Robert J. Samuelson at the Washington Post explains:

Bill Clinton has a pithier formulation: “If you work hard and play by the rules, you’ll have the freedom and opportunity to pursue your own dreams.”
That’s entitlement. “Responsible” Americans should be able to attain realistic ambitions.
No more.
Millions of Americans who have “played by the rules” are in distress or fear that they might be.
In a new Allstate-National Journal survey, 65 percent of respondents said today’s middle class has less “job and financial security” than their parents’ generation; 52 percent asserted there is less “opportunity to get ahead.”
The middle class is “more anxious than aspirational,” concluded the poll’s sponsors.
Similarly, the Employee Benefit Research Institute found that only 51 percent of workers are confident they’ll have enough money to retire comfortably, down from 70 percent in 2007.

The collision between present realities and past expectations helps explain the public’s extraordinary moodiness.
The pandering to the middle class by both parties (and much of the media) represents one crude attempt to muffle the disappointment, a false reassurance that the pleasing past can be reclaimed.
It can’t.
This does not mean the economy can’t improve.
Derek Thompson, writing in the Atlantic, suggests that when “millennials” end their delays in marrying, having children and buying homes, they will administer a welcome stimulus to growth.
The trouble is that today’s grievances transcend the economy.

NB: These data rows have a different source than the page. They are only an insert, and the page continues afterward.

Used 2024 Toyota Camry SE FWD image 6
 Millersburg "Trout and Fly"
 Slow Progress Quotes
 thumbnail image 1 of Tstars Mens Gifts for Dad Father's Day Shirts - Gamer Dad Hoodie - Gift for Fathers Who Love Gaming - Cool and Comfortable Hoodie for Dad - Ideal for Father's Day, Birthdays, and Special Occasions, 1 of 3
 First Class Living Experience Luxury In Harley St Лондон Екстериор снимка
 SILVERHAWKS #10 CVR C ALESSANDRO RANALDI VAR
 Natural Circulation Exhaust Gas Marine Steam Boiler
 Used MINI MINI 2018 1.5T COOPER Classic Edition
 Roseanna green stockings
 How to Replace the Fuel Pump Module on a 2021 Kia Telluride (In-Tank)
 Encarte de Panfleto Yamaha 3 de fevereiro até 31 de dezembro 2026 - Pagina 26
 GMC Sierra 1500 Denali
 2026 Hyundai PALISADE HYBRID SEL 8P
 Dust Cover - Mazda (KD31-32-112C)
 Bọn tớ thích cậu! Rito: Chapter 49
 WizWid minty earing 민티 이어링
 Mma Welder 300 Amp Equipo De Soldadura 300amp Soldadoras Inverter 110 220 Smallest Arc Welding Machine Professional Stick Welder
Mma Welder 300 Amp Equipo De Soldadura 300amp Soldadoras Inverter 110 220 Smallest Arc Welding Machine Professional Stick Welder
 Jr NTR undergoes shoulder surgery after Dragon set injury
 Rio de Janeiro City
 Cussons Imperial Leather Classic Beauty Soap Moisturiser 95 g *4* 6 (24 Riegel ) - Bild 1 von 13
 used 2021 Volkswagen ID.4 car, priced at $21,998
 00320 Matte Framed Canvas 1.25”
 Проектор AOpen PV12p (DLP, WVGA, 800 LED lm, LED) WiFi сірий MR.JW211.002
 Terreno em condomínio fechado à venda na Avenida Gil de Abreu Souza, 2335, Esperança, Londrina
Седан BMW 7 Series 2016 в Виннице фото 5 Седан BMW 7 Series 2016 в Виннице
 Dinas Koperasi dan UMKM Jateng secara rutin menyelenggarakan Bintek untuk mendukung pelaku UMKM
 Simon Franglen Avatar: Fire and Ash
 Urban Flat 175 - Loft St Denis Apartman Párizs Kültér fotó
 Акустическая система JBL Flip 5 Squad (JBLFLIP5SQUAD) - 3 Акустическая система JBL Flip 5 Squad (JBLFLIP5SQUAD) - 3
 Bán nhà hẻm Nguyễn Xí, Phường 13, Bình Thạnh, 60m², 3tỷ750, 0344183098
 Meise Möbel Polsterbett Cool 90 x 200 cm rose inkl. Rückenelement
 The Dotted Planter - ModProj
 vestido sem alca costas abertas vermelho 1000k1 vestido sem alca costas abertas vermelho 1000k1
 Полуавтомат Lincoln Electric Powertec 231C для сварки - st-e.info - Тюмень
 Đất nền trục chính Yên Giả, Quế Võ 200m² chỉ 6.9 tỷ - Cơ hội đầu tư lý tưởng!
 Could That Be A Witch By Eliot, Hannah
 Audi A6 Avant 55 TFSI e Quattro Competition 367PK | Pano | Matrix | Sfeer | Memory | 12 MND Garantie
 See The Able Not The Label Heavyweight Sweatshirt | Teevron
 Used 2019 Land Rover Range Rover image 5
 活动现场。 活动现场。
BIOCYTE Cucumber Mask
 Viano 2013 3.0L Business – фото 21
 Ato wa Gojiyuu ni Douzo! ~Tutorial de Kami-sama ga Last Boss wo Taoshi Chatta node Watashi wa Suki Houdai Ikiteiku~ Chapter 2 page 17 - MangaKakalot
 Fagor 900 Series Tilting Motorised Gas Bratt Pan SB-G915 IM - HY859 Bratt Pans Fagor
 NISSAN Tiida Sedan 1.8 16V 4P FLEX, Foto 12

And the slight now is the old folks — assholes like me. In a short while, I’ll be going on Social Security and try to “retire” on a quickly-dwindling monthly income, and the only end in sight is way down yonder. The politics of today is killing a shitload of people’s tomorrow.
And with a middle-class objective gone, it’s gonna get shitty — better dead than alive.
William Greider at The Nation:

At the start of his second term, events pushed President Obama to choose between the living and the dead.
He chose dead millionaires over elderly people living on Social Security.
The wealthy were given a most generous reduction in the estate taxes to be collected when they die.
Social Security beneficiaries were told to live with smaller benefit checks.
Instead of comforting the afflicted and afflicting the comfortable, Obama went the other way.
I asked Robert McIntyre, the celebrated reformer at Citizens for Tax Justice, what he makes of this odd presidential twist.
“The Obama administration has mixed feelings about old people,” McIntyre dryly observed.
“Old people on Social Security deserve smaller benefits.
Old people who own estates worth tens of millions deserve smaller tax bills for their children.”
How could this have happened with a Democratic president in the White House?
In early January, under pressure to make a “fiscal cliff” deal with Republicans, the president signed a new estate tax law that delivered a gorgeous windfall for those with accumulated wealth — or, rather, for their children or others who inherit the family fortunes.
All rich people are now entitled to an estate-tax exemption of $5 million.
That is seven times larger than the exemption that existed in the last years of the Clinton administration ($670,000) and more than double George W. Bush’s ($2 million).

Us poors can’t win without losing first.
So off to work now, earning a future that’s as bleak as a crappy charcoal drawing — Monday we charge!